How will you represent the student body in Senate?
Whatever goes on around me, I observe. It’s basically observing and being aware of what is going on around you, be it your batch mates, be it your friends; whenever they come to you, whenever they share, I say “Okay, I’ll take note of that.” It’s all about networking in the end. The more people you know, the more you’re aware of what kind of problems there are or what needs to be tackled first. It’s prioritizing.

How do you plan on communicating with students on decisions and discussions of Senate?
If there’s any major decision that has to be made or has been made, there needs to be something a small event or networking event so everyone should just be there. That is the best time to let them know that, okay, we’ve made this decision and this has happened.

I’m personally from UFV India and the difference I see here is that I feel India was a much closer knit community. What I see here is that the Baker House is something that’s closely knit, but what about the rest of the student body? That’s something that needs to be tackled. It’s that network of small events like this which will create the difference. People are going to come together and get to know each other, talk around, and that’s probably the best time to communicate with them.

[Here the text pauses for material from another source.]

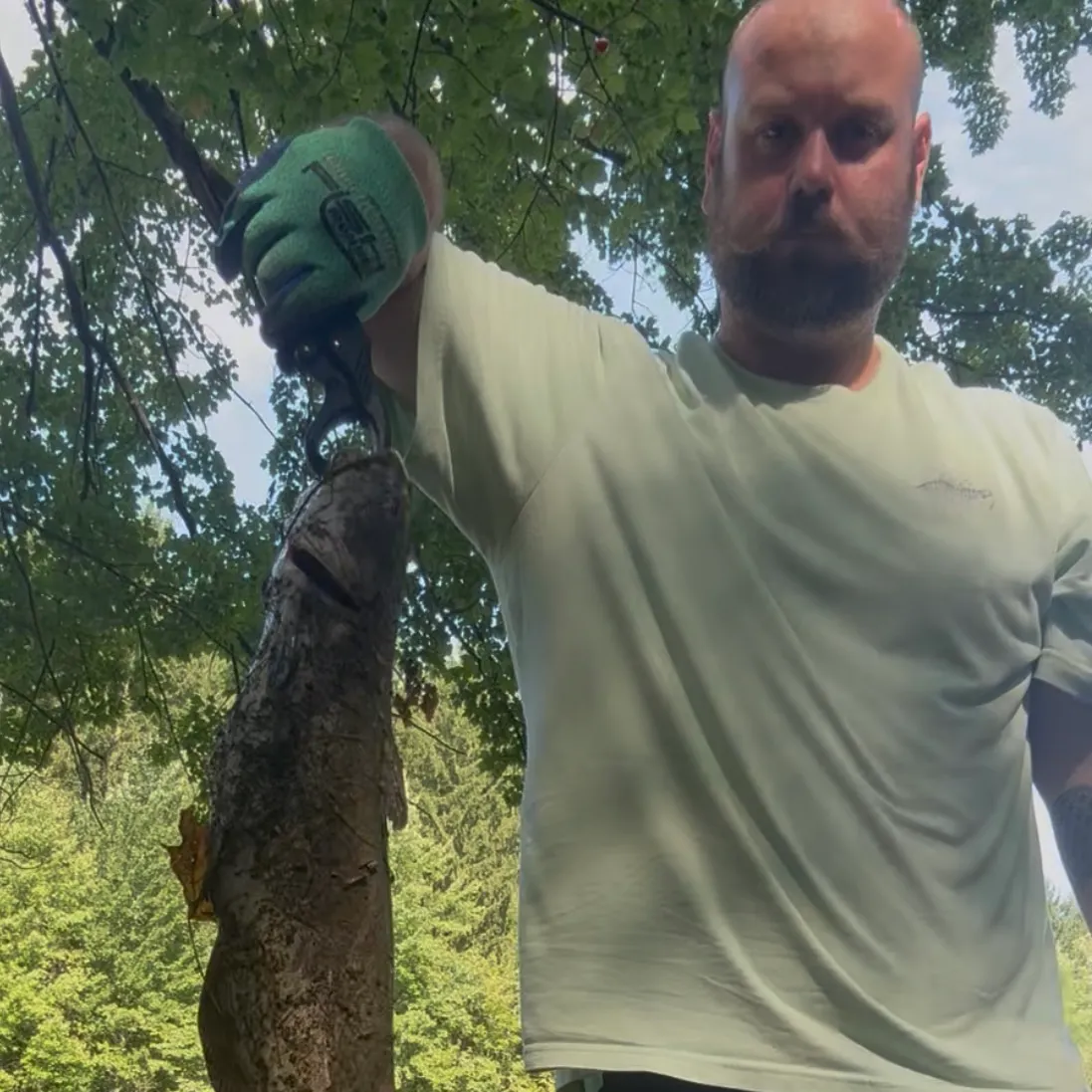 Channel catfish caught on Fishbrain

What do you think is the most pressing issue right now on campus?
In a broader sense, I feel people come here just to attend classes and then leave. That’s what people think university is all about. But I believe it’s more than coming here, attending your classes, handing in your assignments, and then leaving. There’s so much more than that. There’s no networking going around; there’s no one just hanging around the campus. Obviously people have jobs and there’s tight schedules to manage. But I believe there’s a lot that could be done in that regard; there could be more job opportunities on campus that could ease tight schedules. And obviously people would spend more time on the campus and it’ll be a much closer community.


Harveen Dhaliwal

First year, Bachelor of Science

Why are you running for the position of student representative on Senate?
As a first-year student I’m a little bit confused about what’s going on here, but at the same time I want to be involved in some way. I think this would be a good opportunity for me to get a bird’s-eye view on everything that’s going on here and maybe have a voice in what is going on here as well, and be able to help out.

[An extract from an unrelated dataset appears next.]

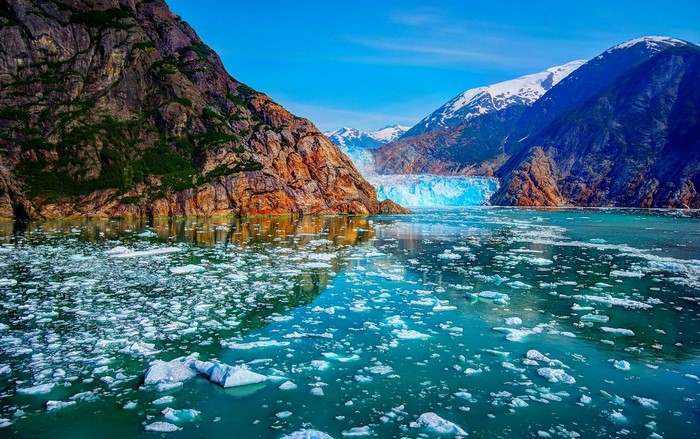 Glacier and icebergs in a Norwegian fjord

What is your background knowledge of Senate?
I haven’t done any things in the political scheme. I’ve been more into sciences, education, and humanities, but politically I’m not that knowledgeable on things in that kind of area. So, as well as this being something that’ll let me help out other people, it’ll also be kind of a learning curve for me.

How will you represent the student body in Senate?
I was hoping to represent mainly undergrad students, even first-year students because I know sometimes the transition can be difficult from a high school environment to a university environment. There’s a lot of stresses and challenges, and sometimes when we are thinking too hard about those challenges, we don’t get to enjoy the other things that a university has to offer. So I was hoping to, for the general student body, to give voice in minimizing those stresses so that we can enjoy the other things the university has to offer.

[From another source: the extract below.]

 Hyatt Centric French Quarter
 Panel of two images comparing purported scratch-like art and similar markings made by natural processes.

How do you plan on communicating with students on decisions and discussions of Senate?
I didn’t want to advertise myself, I wanted to be kind of like a natural thing to talk about if there’s problems going on. What can we do to fix it? What’s the most efficient way to fix it? How can we do it so everyone’s happy? Maybe not taking everyone’s input, but more of a closer connection thing. I don’t like the idea of widespread [communication] where I can’t talk to each individual person.

What do you think is the most pressing issue right now on campus?
Definitely the transition from high school to university. There are challenges and stresses that don’t allow us to see the full potential of what goes on here. And especially in my classes, sometimes there are students who you asked, “Are you in any clubs or anything fun?” And they reply, “No, we’re up all night studying, we can’t do anything like that.” So minimizing those kinds of stresses would be beneficial.